Крутаков только чуть слышно со смешком выдыхал в трубку и – по убеждению Елены – тут же, с загадочной интонацией, произносил нечто, совсем к разговору не относящееся:
– Дурррочка ты пррросто молоденькая…
Елена обижалась, швыряла трубку, чуть не упав с разваливающегося Ривкиного стула. Впрочем, в тот же день, заполночь, взяв к себе телефон под одеяло и накрывшись с головой (чтоб не будить посапывавшую в соседней комнате Ривку), на ощупь накручивая дико звонко тренькавшие цифры, перезванивала Крутакову снова, как часы. За новой порцией бесед.
– Мы пррросто с тобой из ррразных эпох… – чуть более смешливым уже, чуть оттаявшим, голосом втемяшивал Крутаков.
– Не матерись, Крутаков, – шепотом отвечала Елена.
– Я не матерррился – не знаю, что тебе послышалось.

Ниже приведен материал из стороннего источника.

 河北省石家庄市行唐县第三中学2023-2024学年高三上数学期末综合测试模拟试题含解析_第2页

– Слово "эпох", Крутаков, произносят обычно люди, чтобы оправдать какую-нибудь гадость! – все так же таинственным шепотом возмущалась Елена, но тут же уже расходилась и забывала про святую тишину: – Или для какой-нибудь пошлятины! Ах, какой герой у нас – продукт своей эпохи! – нагловатым уже, громким, как сама чувствовала – но остановиться уже не могла – голосом, отповедовала ему Елена. – Нет никаких эпох! Есть только один конкретный человек – ты, я – и его выбор.

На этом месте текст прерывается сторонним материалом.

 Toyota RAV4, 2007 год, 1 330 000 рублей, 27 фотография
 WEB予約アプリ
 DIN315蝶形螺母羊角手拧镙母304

– Ха-а-рррашо, ха-а-арррашо, все это абсолютная пррравда, – картавил телефонограмму Крутаков (и тот факт, что звучит его голос в абсолютной темноте, у нее под сводами одеяла – добавлял для Елены какой-то удивительнейшей незримой торжественности их ночным спорам) -…но есть вещь, которррой ты не учитываешь: вррремя, опыт – в том числе и негативный – черррез которррый человек, взрррослея, пррроходит. Забудем пррро эпохи – назовем это пррросто-напррросто: возррраст, вррремя. Человек, которррый в два ррраза тебя старррше, никоим обррразом тебе своего опыта объяснить не может. Мы с тобой по опррределению немножно с ррразных планет.

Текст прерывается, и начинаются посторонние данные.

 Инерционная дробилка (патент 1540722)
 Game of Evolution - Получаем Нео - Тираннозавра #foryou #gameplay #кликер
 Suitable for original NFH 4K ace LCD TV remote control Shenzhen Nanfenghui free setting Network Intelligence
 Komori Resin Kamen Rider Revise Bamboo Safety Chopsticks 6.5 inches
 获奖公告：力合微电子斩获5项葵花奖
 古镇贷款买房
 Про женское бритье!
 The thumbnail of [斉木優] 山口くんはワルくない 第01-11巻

– Что за ерунда, Крутаков?! – изумлялась Елена (вынырнув даже, от изумления, из-под одеяла глотнуть воздуха и вновь переходя на заговорщицкий шепот). – То, что ты прочитал в миллион раз больше книг, чем я – еще не дает тебе права сказать, что я чего-то не могу понять или почувствовать так же глубоко, как и ты. И одновременно ты легко можешь встретить какого-нибудь идиота, своего возраста, и даже старше, в соседнем подъезде, который так до смерти, до девяноста лет, ничего и не поймет – читай – ни читай, живи – ни живи. Нет таких категорий как возраст, не правда ли?
Довольно рассмеявшись, тихим своим особым смешком, в трубку, Крутаков, тем не менее, продолжал свои странные, абсолютно нелогичными ей казавшиеся, и никчемными, размышления:
– Ты вон даже не поверрришь, если я скажу тебе, что есть вещи, которррые ты не понимаешь пррросто в силу своего возррраста. Молоденькая дурррочка не поймет, напррримеррр, что значит… Так, только не бррросайся опять трррубками! – спохватясь, смеялся Крутаков – услышав нехорошее, напряженное молчание в трубке. – Я же твой телефон у Ррривки не знаю.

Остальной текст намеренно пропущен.